Mr Prentice told a hearing that he anticipated calling around 14 witnesses for a trial which could last eight days.
It is claimed Innes stabbed Bennylyn on the body with a knife as well as repeatedly striking her on the head with a hammer and the handle of the blade.
The indictment alleges Innes murdered her two-year-old daughter Jellica and that he did “asphyxiate her by means unknown”.
Innes then faces a charge of attempting to defeat the ends of justice.
This includes a claim that he did wrap the body of Bennylyn in a rubble bag, blanket and tarpaulin and then concealed the corpse in concrete under the kitchen floor at the Troon Avenue property.

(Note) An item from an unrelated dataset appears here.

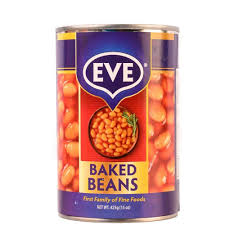 Eve - Baked Beans ( 425G)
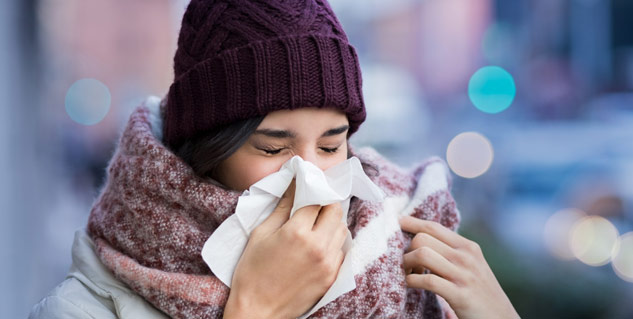 winter sickness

Jellica’s body is also said to have been hidden there.
The charge also features a claim that Innes told police investigating Bennylyn’s whereabouts that he had driven her, Jellica and another child to the Old Inns Cafe in Cumbernauld, Lanarkshire on February 28.
He is said to have told the officers he left them with an “unknown male” and that he had no contact with them afterwards.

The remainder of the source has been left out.